╔══

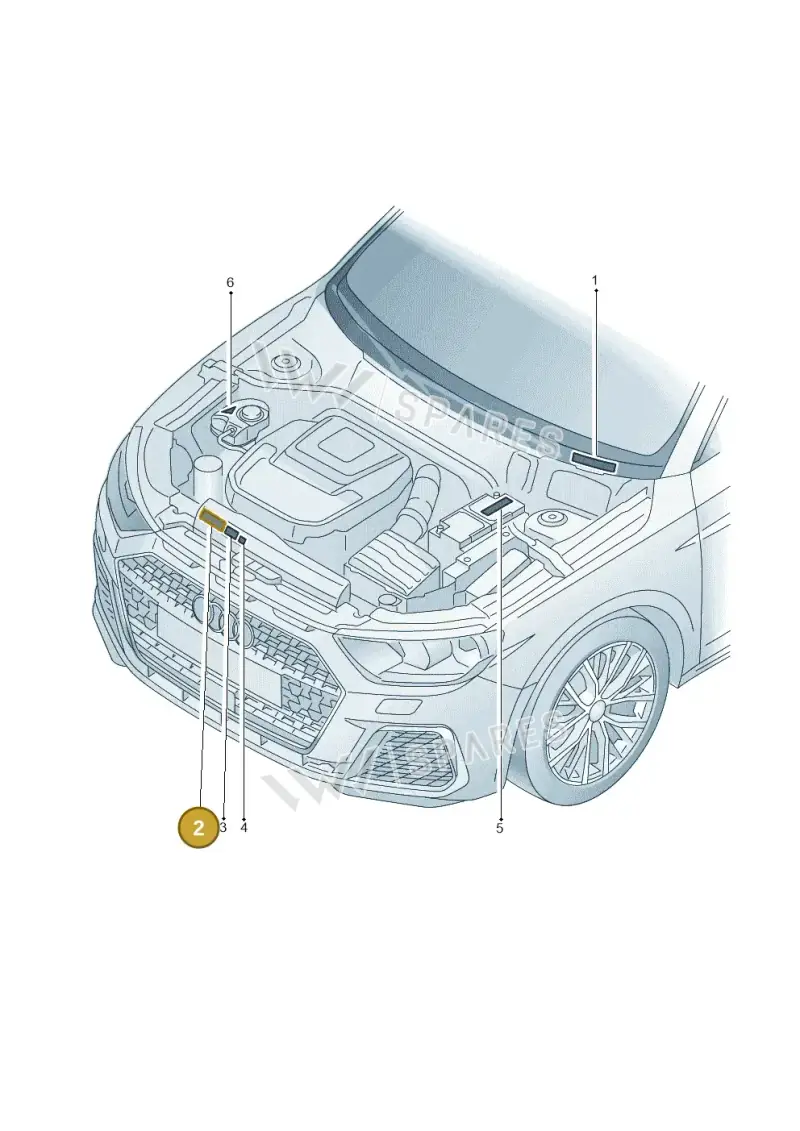 8W0010560 — Audi A1 Sportback (2018-2025) diagram 592010100, position 2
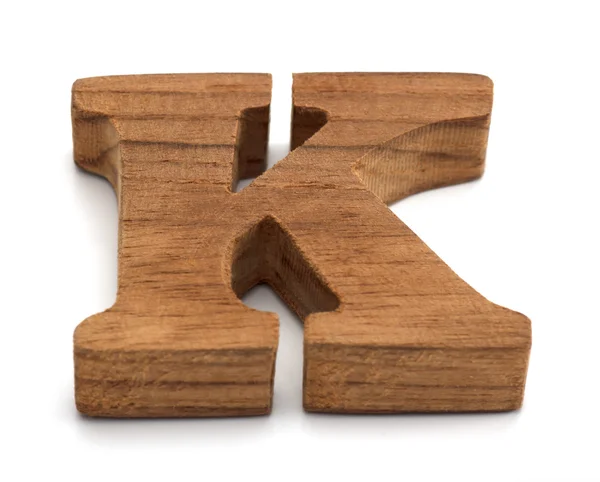 Alphabet made from wood on white — Stock Photo, Image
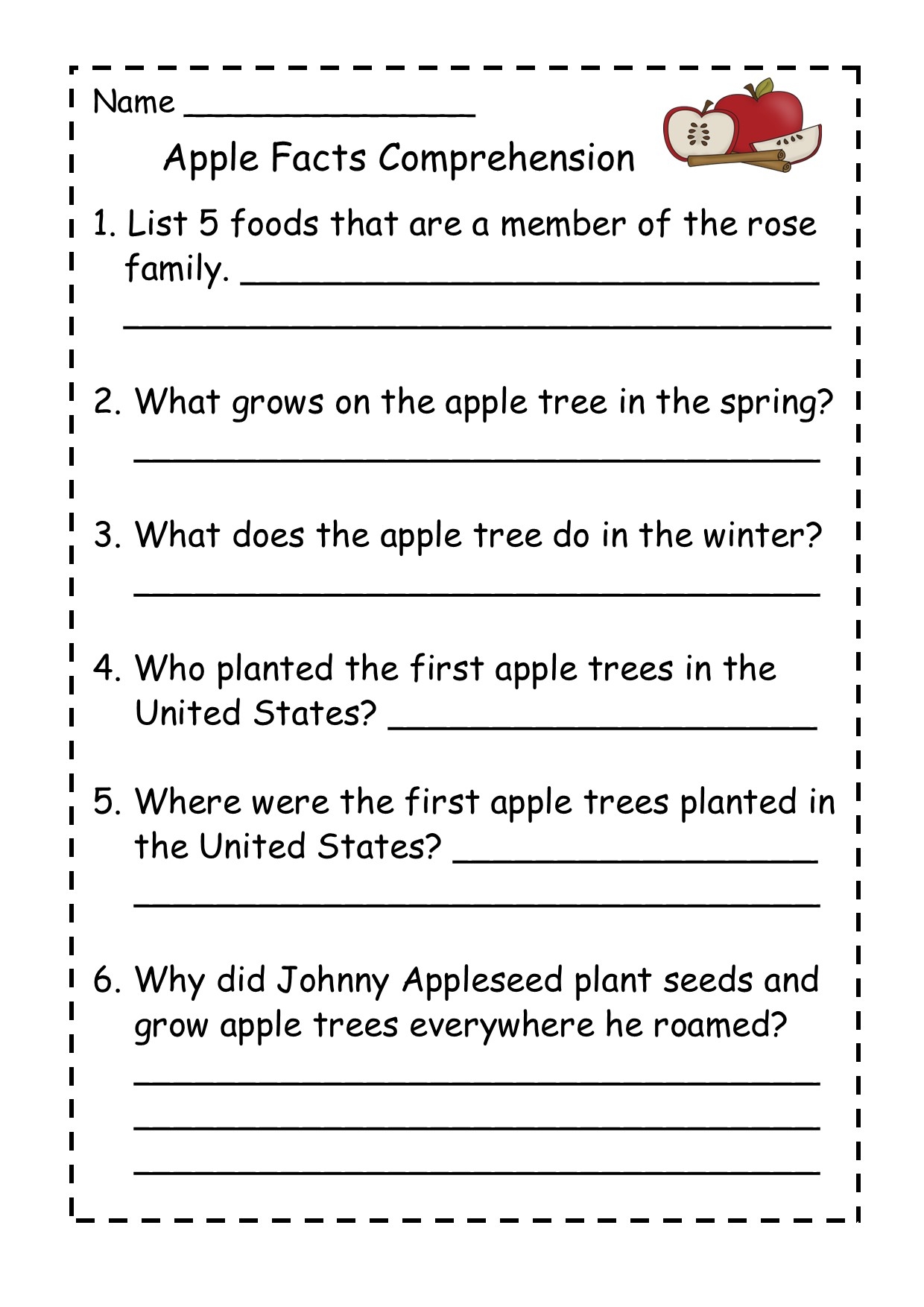 Factual Reading Comprehension Worksheets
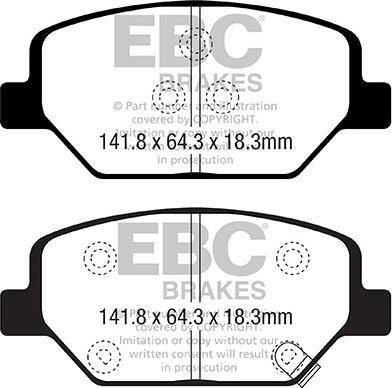 EBC Brakes DP22351 - Гальмівні колодки, дискові гальма autocars.com.ua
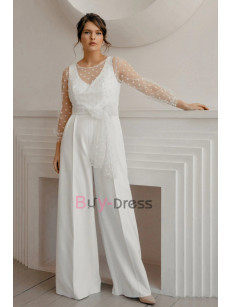 Bridal Jumpsuit with Dot For Wedding WBJ094
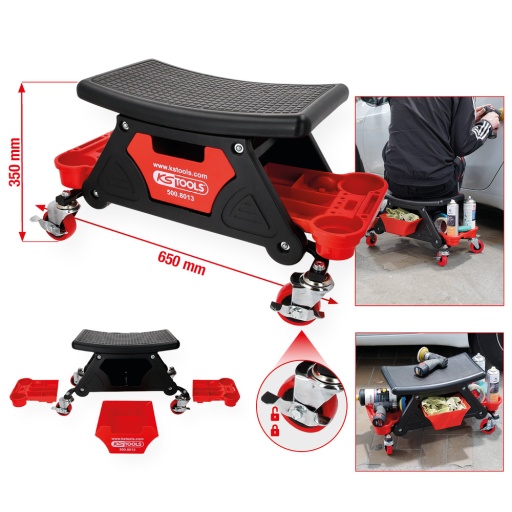 Tabouret sur roulette L650xH350mm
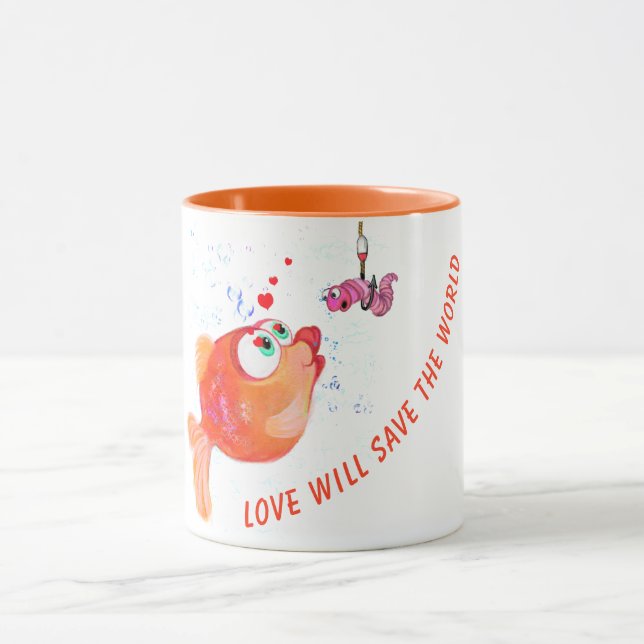 Funny Mug Happy Fish and Worm- Custom Text (Center)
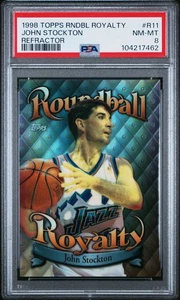 1998-99 Topps John Stockton Roundball Royalty Refractor #R11 PSA 8 Utah Jazz - Imagen 1 de 2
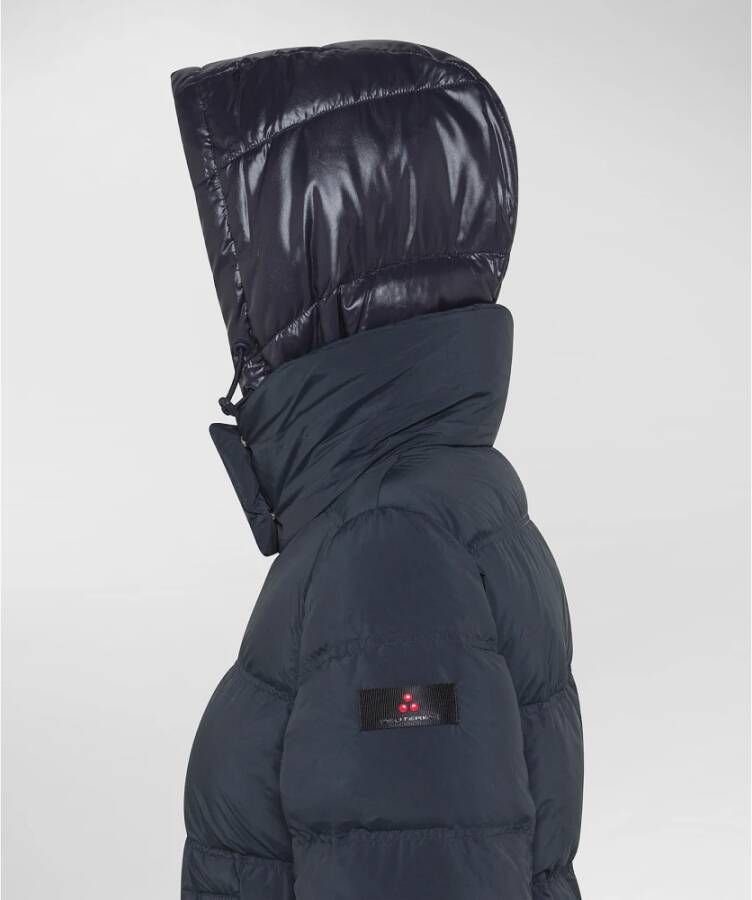 Peuterey Donsjack met Contrasterende Capuchon Blauw Dames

╚══

[Try it]
Set every entry down again exactly as written, and omit the images.

[Exercise answer]
 8W0010560 — Audi A1 Sportback (2018-2025) diagram 592010100, position 2
 Alphabet made from wood on white — Stock Photo, Image
 Factual Reading Comprehension Worksheets
 EBC Brakes DP22351 - Гальмівні колодки, дискові гальма autocars.com.ua
 Bridal Jumpsuit with Dot For Wedding WBJ094
 Tabouret sur roulette L650xH350mm
 Funny Mug Happy Fish and Worm- Custom Text (Center)
 1998-99 Topps John Stockton Roundball Royalty Refractor #R11 PSA 8 Utah Jazz - Imagen 1 de 2
 Peuterey Donsjack met Contrasterende Capuchon Blauw Dames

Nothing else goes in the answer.